The problem
I have a sql database with a table for Hashtags, of which many are duplicates with regard to their names.
A statement like
SELECT *
FROM HashTag
ORDER BY Name
returns something like
Id | Name
1947 | test
1950 | sample
1962 | test
1963 | sample
1986 | test
2014 | example
I want to keep only the hashtag with the lowest Id for each Name (1947 for 'test' and 1950 for 'sample') and update other tables with this Id, replacing the higher Ids (example: updating hashtag 'test'; lowest Id = 1947, higher Ids = 1962, 1986). These sql statements are updated manually as of now and would be as follows:
UPDATE HashTaggedActivity
SET [HashTag_id] = 1947
WHERE HashTag_id in (1962, 1986)
Update HashTaggedGroup
SET [HashTag_id] = 1947
WHERE HashTag_id in (1962, 1986)
DELETE ht
FROM HashTag ht
WHERE ht.Id in (1962, 1986)
After this I have to do this for HashTag 'sample', which is an error prone and tedious process. The HashTag 'example' is not a duplicate and should not result in updating other tables.

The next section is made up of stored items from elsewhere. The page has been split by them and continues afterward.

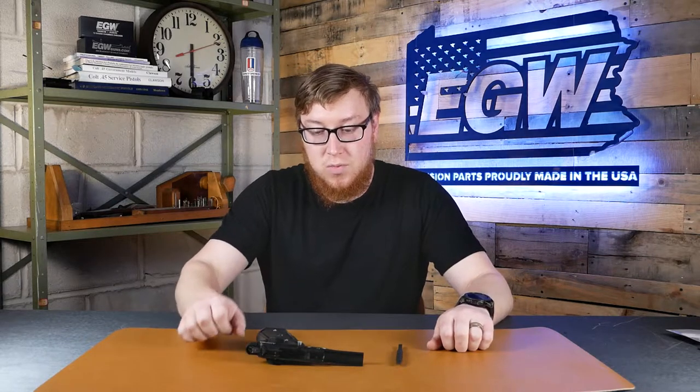Hi everybody, I'm Al and today I'll be showing you how to remove an EGW ambi safety from your 1911. A lot of customers call in and ask for help or tips when it comes to removing the ambi safety because it's a sleeve design, so it's very strong and sometimes it's a little bit difficult to remove, but hopefully after today's video you'll be able to easily remove the thumb safety.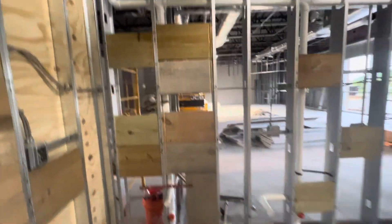6 inches metal stud, blocking — you can see here blocking, electrical work, blocking for bathroom, blocking for bathroom, here blocking, blocking here.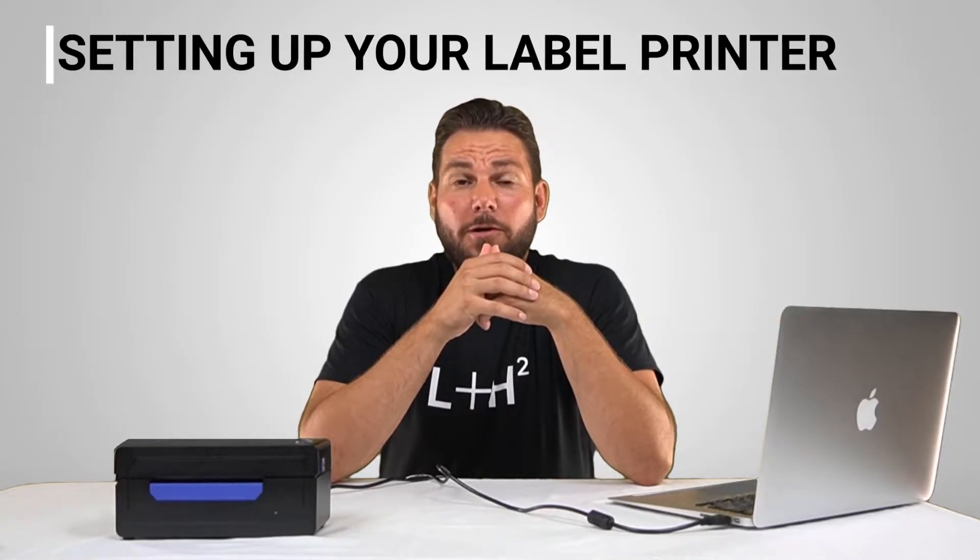Hey guys, it's Brandon from L plus H2 support and today I'll be showing you how to set up your label printer for the first time.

Is there any way to write an sql statement for doing this for each occurence of duplicate names in the table HashTag?
What I've tried so far
I think I have to combine a statement for getting a duplicate count ordered by Id
select ht.Id, ht.Name, htc.dupeCount
from HashTag ht
inner join (
SELECT ht.Name, COUNT(*) AS dupeCount
FROM HashTag ht
GROUP BY ht.Name
HAVING COUNT(*) > 1
) htc on ht.Name = htc.Name
ORDER BY Id
which gives
Id | Name | dupeCount
1947 | test | 3
1950 | sample | 2
1962 | test | 3
1963 | sample | 2
1986 | test | 3
2014 | example | 1
with my UPDATE and DELETE statements according to the dupeCount, but I'm not sure how to do this ;-)
Thanks in advance and best regards,
Michael